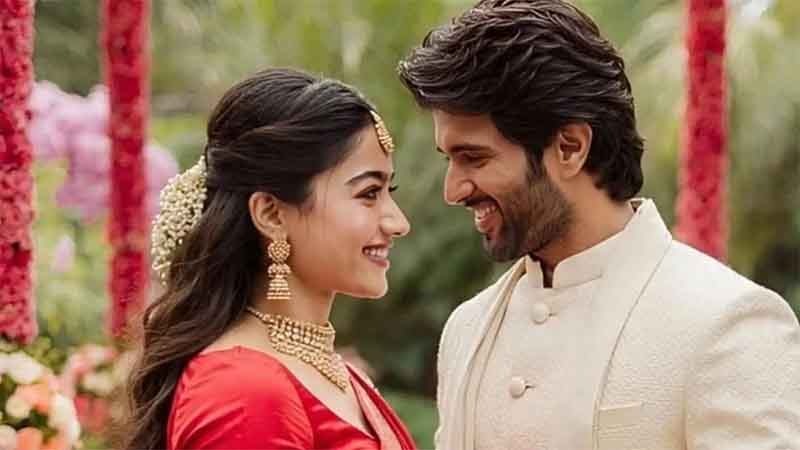Vijay Deverakonda and Rashmika Mandanna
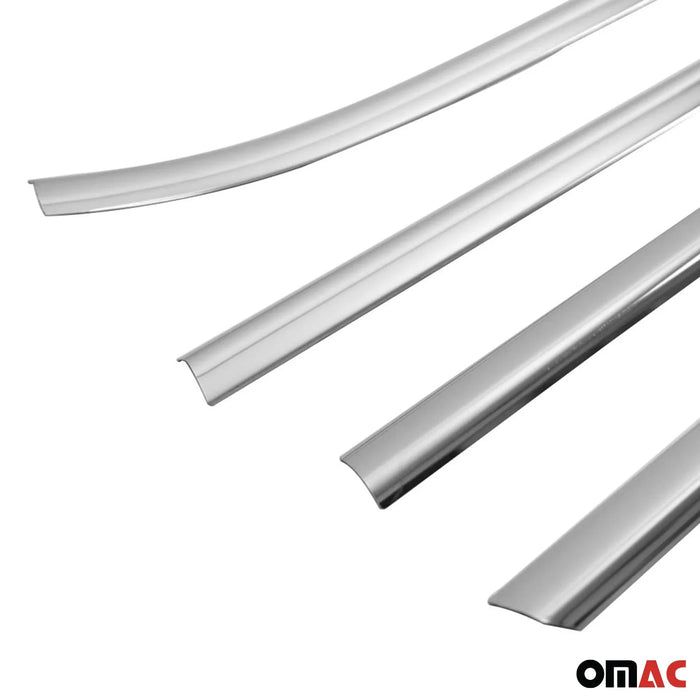 Window Molding Trim Streamer for Hyundai Elantra GT 2013-2017 Steel Silver 4 Pcs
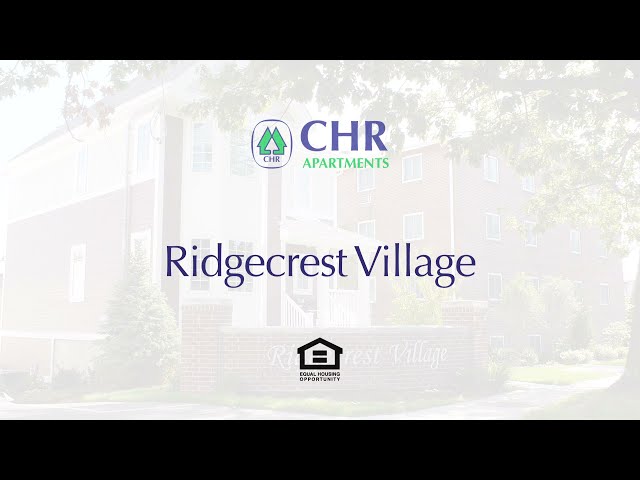Watch CHR Ridgecrest Village Apartments Tour on YouTube.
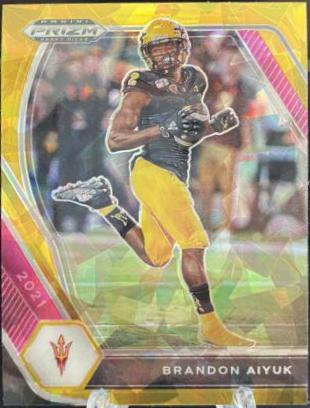 Brandon Aiyuk [Gold Ice Prizm] #68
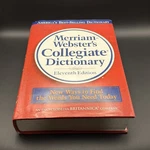 Merriam-webster's Collegiate Dictionary 11TH Edition. Fixed Price $9.99.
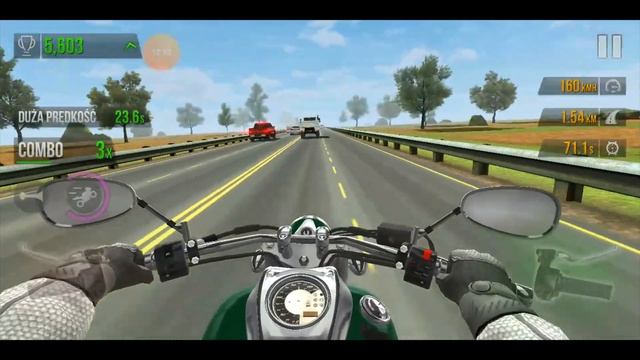 Traffic Rider - jazda motorem po autostradzie - gra na telefon android смотреть онлайн
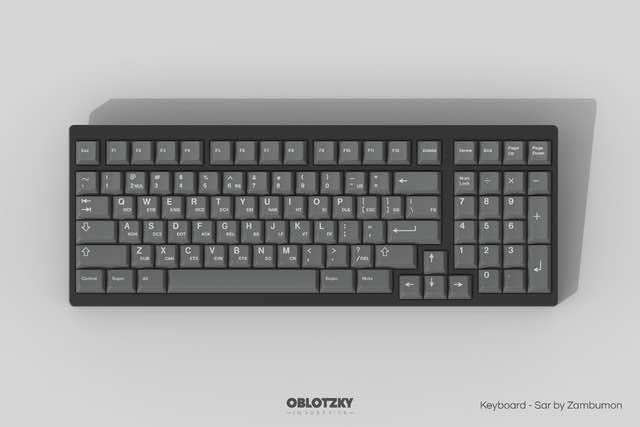 GMK ASCII R2 键帽图片
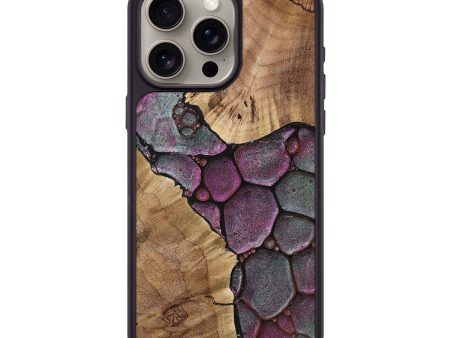 iPhone 15 Pro Max Wood+Resin Phone Case - Tisha (Chameleon, 706580) Sale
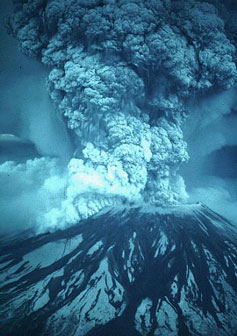 Mount Fuji Japan Erupting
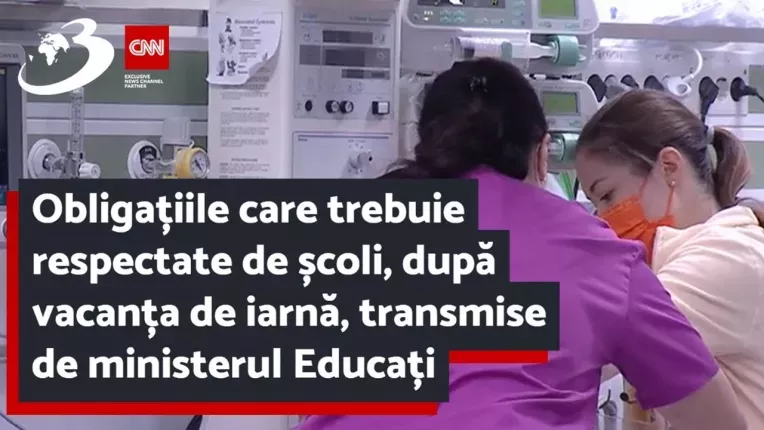 Obligatiile care trebuie respectate de scoli, dupa vacanta de iarna, transmise de ministerul Educatiei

TASK DIRECTIONS
What you return must match, character for character, the lines above from the one with "Window Molding Trim" through the one with "Mount Fuji Japan Erupting", minus any pictures.

EXERCISE RESULT
 Window Molding Trim Streamer for Hyundai Elantra GT 2013-2017 Steel Silver 4 Pcs
Watch CHR Ridgecrest Village Apartments Tour on YouTube.
 Brandon Aiyuk [Gold Ice Prizm] #68
 Merriam-webster's Collegiate Dictionary 11TH Edition. Fixed Price $9.99.
 Traffic Rider - jazda motorem po autostradzie - gra na telefon android смотреть онлайн
 GMK ASCII R2 键帽图片
 iPhone 15 Pro Max Wood+Resin Phone Case - Tisha (Chameleon, 706580) Sale
 Mount Fuji Japan Erupting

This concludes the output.